Le conflit en Israël et Gaza s’impose à l’agenda d’une rencontre entre le président turc et le chancelier allemand Olaf Scholz. La visite avait en effet été prévue avant le début du conflit. La dernière visite d’Erdoğan à Berlin remonte à 2020. 

  • Alors que l’Allemagne affirme un fort soutien à Israël depuis le 7 octobre — Scholz avait notamment déclaré devant le Bundestag le 12 octobre que « la sécurité d’Israël est raison d’État pour l’Allemagne » —, le président turc a au contraire radicalisé son positionnement à l’encontre de l’État hébreu. Le 15 novembre, dans un discours adressé aux députés membres de son parti au Parlement, Erdoğan a qualifié Israël d’« État terroriste ».
  • En début de semaine, lors d’une conférence de presse, Scholz a directement mis en cause des propos tenus plus tôt par Erdoğan, qui avait dénoncé le « fascisme » d’Israël. Il avait en effet tenu les mêmes propos en 2018 lors du vote par le Parlement israélien de la Loi Israël, État-nation du peuple juif. 

La visite se déroule 10 jours après la publication par la Commission européenne de son rapport annuel sur la Turquie dans le cadre de la procédure d’adhésion du pays à l’Union.

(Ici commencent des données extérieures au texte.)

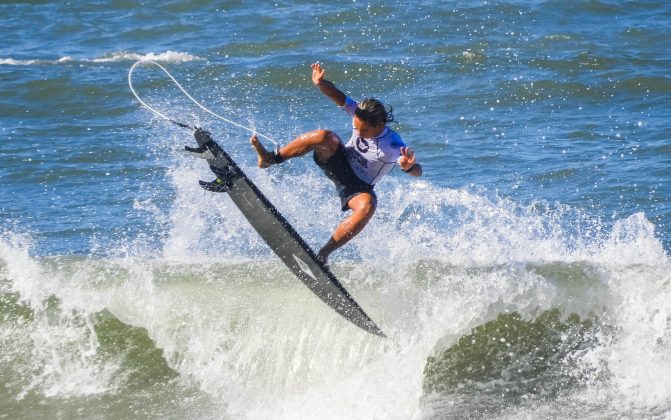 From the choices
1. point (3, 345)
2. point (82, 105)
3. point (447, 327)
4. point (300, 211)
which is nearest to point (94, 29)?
point (82, 105)

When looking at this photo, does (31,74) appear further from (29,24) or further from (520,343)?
(520,343)

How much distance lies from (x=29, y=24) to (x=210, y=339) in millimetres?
14116

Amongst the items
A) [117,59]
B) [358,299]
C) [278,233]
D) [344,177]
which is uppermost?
[344,177]

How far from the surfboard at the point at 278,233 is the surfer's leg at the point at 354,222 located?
18 cm

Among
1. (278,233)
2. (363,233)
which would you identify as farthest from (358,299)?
(363,233)

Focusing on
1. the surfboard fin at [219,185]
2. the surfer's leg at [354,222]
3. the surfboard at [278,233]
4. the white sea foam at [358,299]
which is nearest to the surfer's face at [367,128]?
the surfer's leg at [354,222]

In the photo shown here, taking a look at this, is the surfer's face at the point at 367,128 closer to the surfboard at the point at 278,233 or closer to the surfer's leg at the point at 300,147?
the surfer's leg at the point at 300,147

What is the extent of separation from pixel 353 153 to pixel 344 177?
212mm

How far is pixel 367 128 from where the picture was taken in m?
7.85

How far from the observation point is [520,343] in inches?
343

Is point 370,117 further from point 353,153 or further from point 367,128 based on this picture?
point 353,153

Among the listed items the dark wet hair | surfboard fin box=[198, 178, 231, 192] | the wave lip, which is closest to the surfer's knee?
the dark wet hair

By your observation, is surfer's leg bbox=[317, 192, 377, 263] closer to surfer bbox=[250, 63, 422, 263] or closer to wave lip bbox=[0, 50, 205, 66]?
surfer bbox=[250, 63, 422, 263]

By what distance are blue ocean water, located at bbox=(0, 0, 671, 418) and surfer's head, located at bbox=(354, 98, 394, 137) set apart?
161 cm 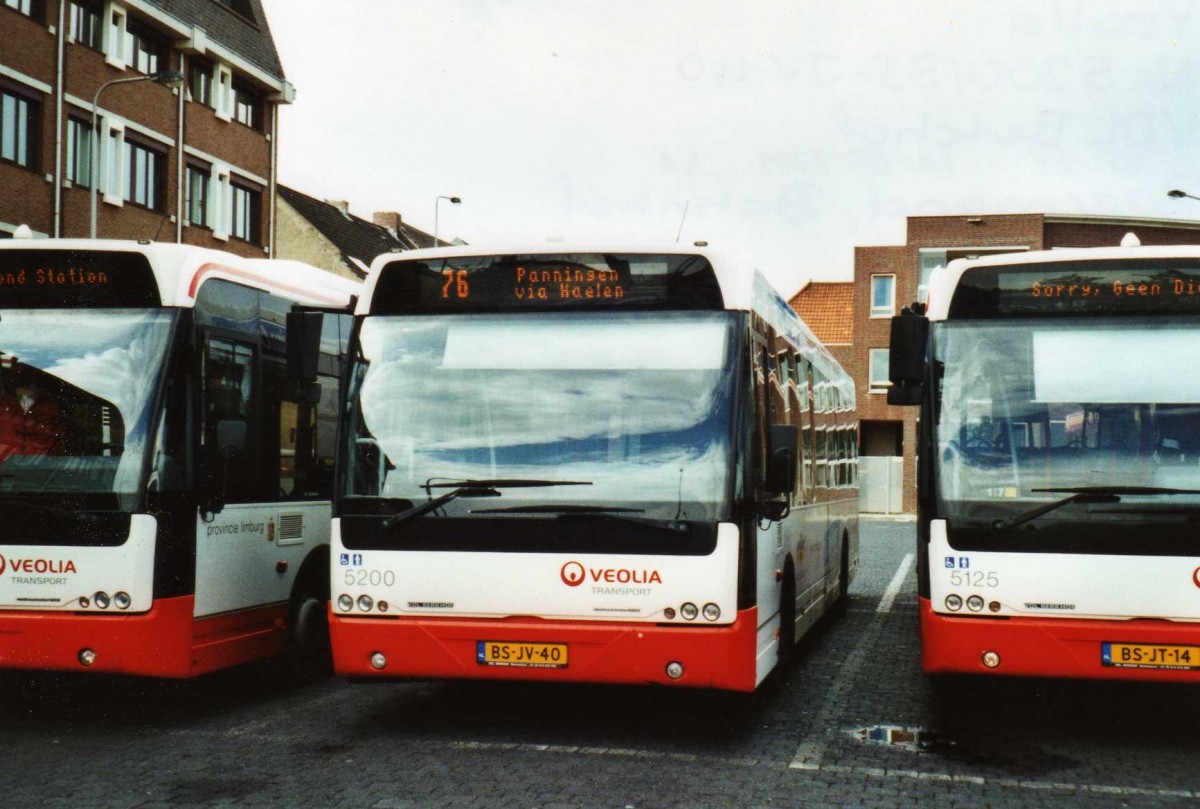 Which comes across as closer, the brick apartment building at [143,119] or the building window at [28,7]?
the building window at [28,7]

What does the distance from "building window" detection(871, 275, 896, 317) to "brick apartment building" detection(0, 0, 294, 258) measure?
25045 millimetres

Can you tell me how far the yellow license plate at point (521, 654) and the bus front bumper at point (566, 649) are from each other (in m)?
0.02

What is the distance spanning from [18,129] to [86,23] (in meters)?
4.03

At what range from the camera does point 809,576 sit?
12.0 meters

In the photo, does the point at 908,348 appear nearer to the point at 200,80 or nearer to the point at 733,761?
the point at 733,761

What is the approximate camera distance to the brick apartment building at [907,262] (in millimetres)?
55750

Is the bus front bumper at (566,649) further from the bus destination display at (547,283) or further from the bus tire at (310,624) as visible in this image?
the bus tire at (310,624)

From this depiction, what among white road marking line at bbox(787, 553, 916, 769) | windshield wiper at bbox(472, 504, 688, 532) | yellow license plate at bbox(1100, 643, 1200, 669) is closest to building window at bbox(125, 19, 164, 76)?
white road marking line at bbox(787, 553, 916, 769)

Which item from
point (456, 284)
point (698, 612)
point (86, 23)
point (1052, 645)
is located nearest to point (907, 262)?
point (86, 23)

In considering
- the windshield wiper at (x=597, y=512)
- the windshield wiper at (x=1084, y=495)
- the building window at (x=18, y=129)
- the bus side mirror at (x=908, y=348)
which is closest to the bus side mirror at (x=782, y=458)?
the bus side mirror at (x=908, y=348)

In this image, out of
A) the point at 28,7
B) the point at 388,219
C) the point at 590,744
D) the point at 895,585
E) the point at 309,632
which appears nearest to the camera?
the point at 590,744

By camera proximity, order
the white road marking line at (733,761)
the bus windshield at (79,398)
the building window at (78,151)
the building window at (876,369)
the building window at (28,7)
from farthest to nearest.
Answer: the building window at (876,369) → the building window at (78,151) → the building window at (28,7) → the bus windshield at (79,398) → the white road marking line at (733,761)

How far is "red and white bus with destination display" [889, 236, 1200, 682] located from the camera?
Answer: 8195 millimetres

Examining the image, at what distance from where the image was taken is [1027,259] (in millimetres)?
8805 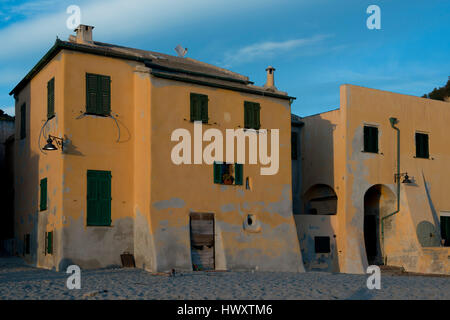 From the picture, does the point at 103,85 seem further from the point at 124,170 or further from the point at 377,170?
the point at 377,170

  • La Commission y pointait du doigt les « graves déficiences dans le fonctionnement des institutions démocratiques de la Turquie », la poursuite d’un « recul démocratique » et l’absence d’équité lors des présidentielles de mai 2023 qui ont reconduit Erdoğan au pouvoir1.
  • Rejetant ces accusations, le ministère des Affaires étrangères turc a répondu dans un communiqué2 critiquant par la même occasion la position européenne sur la guerre de Soukkot : « Nous percevons en effet les efforts de l’UE pour critiquer la position de la Türkiye à l’égard de la guerre entre le Hamas et Israël comme un compliment. L’UE se place du mauvais côté de l’histoire face à un massacre qui rappelle les ténèbres de l’époque médiévale. L’UE doit se rappeler que les politiques fondées sur les valeurs universelles, le droit international et les principes humanitaires ne peuvent se limiter à l’Ukraine ou à d’autres régions d’Europe, mais doivent être poursuivies partout, y compris au Moyen-Orient ».

La visite intervient aussi à un moment où le chancelier allemand semble opérer un tournant sur le plan de sa politique migratoire et affiche une rhétorique plus dure vis-à-vis des migrations.

  • Dans un entretien accordée à Der Spiegel au mois d’octobre, Scholz avait appelé à la  « fermeté » et affirmé que l’expulsion massive « de tous ceux qui n’ont pas le droit de rester en Allemagne » était nécessaire3.
  • L’accord entre l’Union européenne et la Turquie signé en 2016, visant à limiter les arrivées de demandeurs d’asile dans l’Union depuis le territoire turc en échange d’un soutien financier, reste un dossier clef des relations entre l’Union et la Turquie. Une nouvelle phase de négociations devrait avoir lieu, le commissaire européen Margaritis Schinas s’étant dit ouvert à son « amélioration » le 7 octobre4
Sources
  1. European Commission, « Key findings of the 2023 Report on Türkiye », 8 November 2023.
  2. Ministère des affaires étrangères turc, « Communiqué de presse concernant le Rapport de la Commission européenne sur la Türkiye pour l’année 2023 », 8 novembre 2023.
  3. Der Spiegel International, « We have to deport people more often and faster » , 20 October 2023.
  4. FranceInfo, « Migrants : l’Union européenne pour un renouvellement du pacte UE-Turquie de 2016 », 7 octobre 2023.